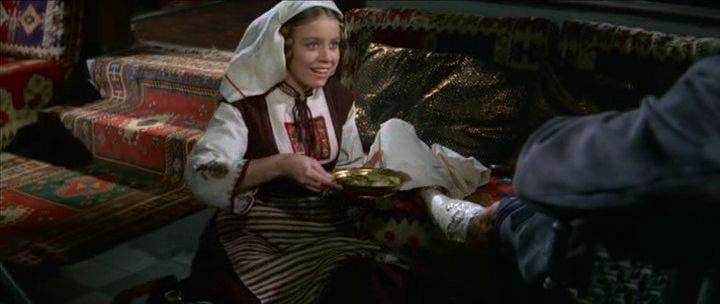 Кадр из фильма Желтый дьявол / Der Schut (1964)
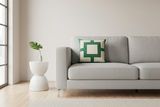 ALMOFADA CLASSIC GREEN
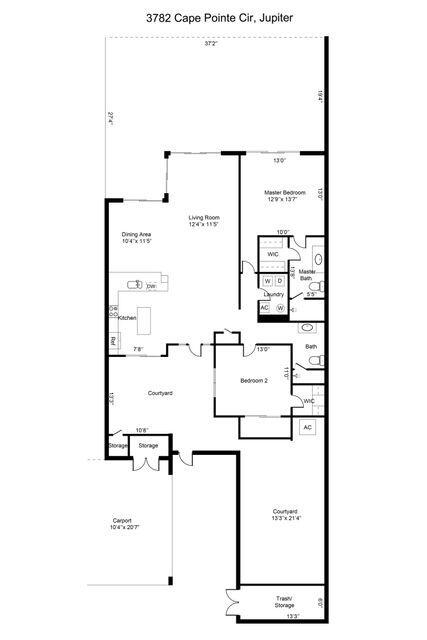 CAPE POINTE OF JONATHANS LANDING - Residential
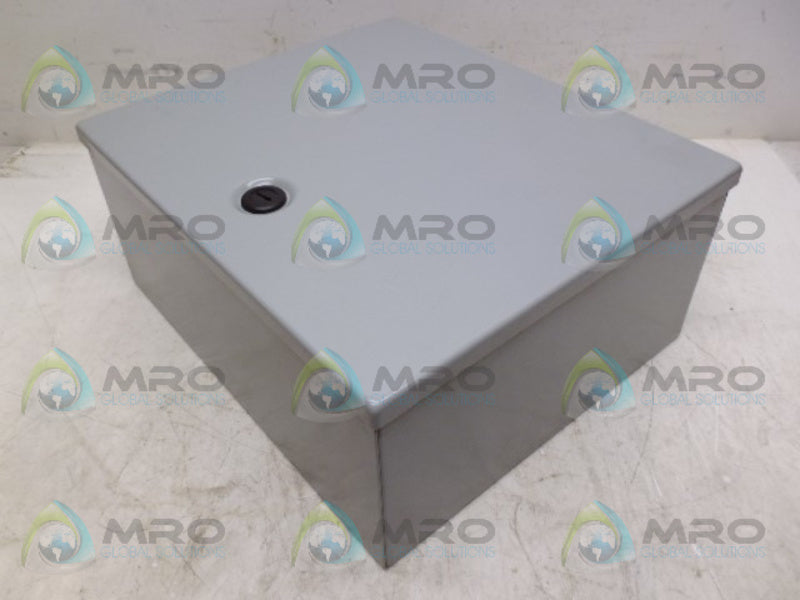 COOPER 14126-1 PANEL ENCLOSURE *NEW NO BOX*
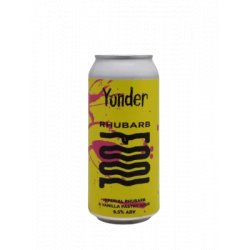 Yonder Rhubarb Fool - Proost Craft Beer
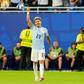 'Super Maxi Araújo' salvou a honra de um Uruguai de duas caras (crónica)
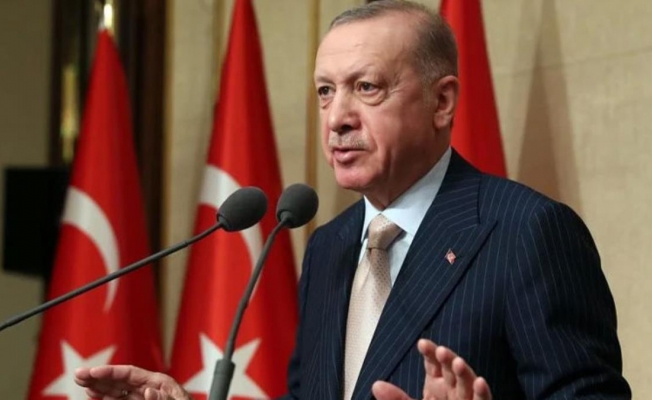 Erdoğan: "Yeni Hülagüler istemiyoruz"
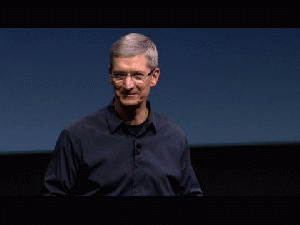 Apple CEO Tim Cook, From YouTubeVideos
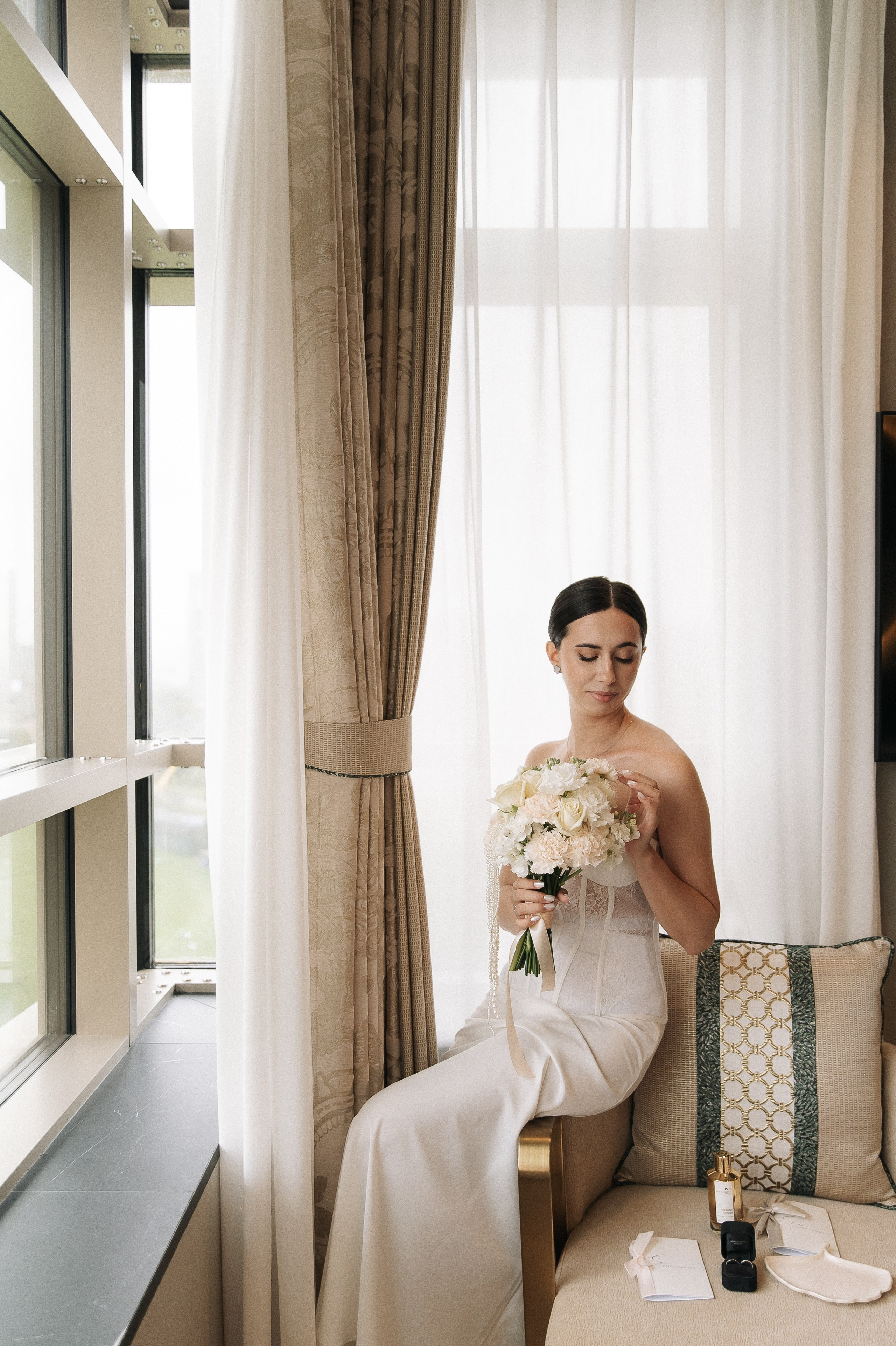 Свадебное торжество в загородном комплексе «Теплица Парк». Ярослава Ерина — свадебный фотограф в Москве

· · · · · · ·

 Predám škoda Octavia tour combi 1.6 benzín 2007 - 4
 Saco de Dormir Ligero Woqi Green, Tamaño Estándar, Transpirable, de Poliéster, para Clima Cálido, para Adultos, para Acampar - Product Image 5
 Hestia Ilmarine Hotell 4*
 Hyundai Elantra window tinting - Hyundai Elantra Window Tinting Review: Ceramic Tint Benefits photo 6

· · · · · · ·

| Action item |
Take the line above containing "Saco de Dormir", the line containing "Hyundai Elantra window tinting - Hyundai", and all lines in between, and copy them exactly without anything else.

| Response to the task |
 Saco de Dormir Ligero Woqi Green, Tamaño Estándar, Transpirable, de Poliéster, para Clima Cálido, para Adultos, para Acampar - Product Image 5
 Hestia Ilmarine Hotell 4*
 Hyundai Elantra window tinting - Hyundai Elantra Window Tinting Review: Ceramic Tint Benefits photo 6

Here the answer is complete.